Cambodian style stir-fried vermicelli noodles with pork, wood ear mushrooms and tofu skin. A well-loved Khmer dish known as Cha Mi Suor which is often eaten for special occasions.



Ingredients:


6 packages of mung bean vermicelli noodles, soaked

1 lb ground pork

2 cups dried tofu sheets, soaked

1 1/2 cups dried wood ear mushrooms, soaked

6 cloves garlic

6 stalks scallion

2 tbsp sugar

1/2 tsp kosher salt

1 tsp ground black pepper

1 tbsp + 1 tsp chicken bouillon powder

1 tsp soy sauce

1 tsp thick soy sauce

1 tsp fish sauce

2 tbsp oyster sauce

1 cup water

3 tbsp vegetable oil


Visual Instructions:

  1. Prep noodles by soaking the vermicelli noodles in lukewarm water for about 30 mins. Soak tofu skin and mushrooms for 10 mins in lukewarm water. Mince garlic, slice scallions and slice pork (if not using ground pork) then set ingredients aside to prepare the sauce base.

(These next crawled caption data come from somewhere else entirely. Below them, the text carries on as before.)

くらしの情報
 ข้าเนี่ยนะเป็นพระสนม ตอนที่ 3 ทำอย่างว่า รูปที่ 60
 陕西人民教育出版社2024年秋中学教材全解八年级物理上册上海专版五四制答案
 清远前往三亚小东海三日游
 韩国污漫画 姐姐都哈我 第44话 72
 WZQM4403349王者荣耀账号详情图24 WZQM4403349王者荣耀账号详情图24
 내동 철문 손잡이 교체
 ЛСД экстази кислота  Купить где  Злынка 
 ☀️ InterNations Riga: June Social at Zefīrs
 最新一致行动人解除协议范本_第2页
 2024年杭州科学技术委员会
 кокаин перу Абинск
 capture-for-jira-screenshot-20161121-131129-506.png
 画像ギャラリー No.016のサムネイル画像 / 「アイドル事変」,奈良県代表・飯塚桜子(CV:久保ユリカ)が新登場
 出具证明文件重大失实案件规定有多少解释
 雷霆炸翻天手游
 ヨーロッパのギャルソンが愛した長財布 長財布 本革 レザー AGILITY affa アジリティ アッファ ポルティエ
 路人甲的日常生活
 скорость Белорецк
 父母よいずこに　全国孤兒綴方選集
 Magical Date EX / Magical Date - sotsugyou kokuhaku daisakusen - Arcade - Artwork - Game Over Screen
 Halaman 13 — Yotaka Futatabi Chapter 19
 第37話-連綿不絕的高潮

2. Prepare sauce base by mixing chicken bouillon powder, salt, black pepper, sugar, fish sauce, soy sauce, oyster sauce and thick soy sauce in a bowl and set aside.


3. Once noodles are soaked, cut up the noodles with kitchen shears into smaller pieces then set aside for cooking.


4. Preheat a wok with cooking oil to medium high heat.


5. Fry garlic in the oil for 2 - 3 mins until fragrant. Stir continuously to keep from burning.


6. Add in the sliced pork to the garlic and continue to stir fry for another 5 - 7 mins.


7. Add in the tofu skins, mushrooms, sauce mixture and stir fry for 3 - 4 mins.


By this point, the stir fry should be well-coated in the sauce and the pork is fully cooked.


8. Add in the soaked noodles along with water to fully cook the noodles.


9. Stir fry for 6 - 8 mins or until noodles are evenly coated and fully cooked into the sauce.


10. Add in the chopped scallions for garnish and stir then turn off heat.


Dish is now complete! Serve immediately for best results.

Enjoy!


Directions:


  1. Prep noodles by soaking the vermicelli noodles in lukewarm water for about 30 mins. Soak tofu skin and mushrooms for 10 mins in lukewarm water. Mince garlic, slice scallions and slice pork (if not using ground pork) then set ingredients aside to prepare the sauce base.

  2. Prepare sauce base by mixing chicken bouillon powder, salt, black pepper, sugar, fish sauce, soy sauce, oyster sauce and thick soy sauce in a bowl and set aside.

  3. Once noodles are soaked, cut up the noodles with kitchen shears into smaller pieces then set aside for cooking.

  4. Preheat a wok with cooking oil to medium high heat.

  5. Fry garlic in the oil for 2 - 3 mins until fragrant. Stir continuously to keep from burning.

  6. Add in the sliced pork to the garlic and continue to stir fry for another 5 - 7 mins.

  7. Add in the tofu skins, mushrooms, sauce mixture and stir fry for 3 - 4 mins.

  8. Add in the soaked noodles along with water to fully cook the noodles.

  9. Stir fry for 6 - 8 mins or until noodles are evenly coated and fully cooked into the sauce

  10. Add in the chopped scallions for garnish and stir then turn off heat.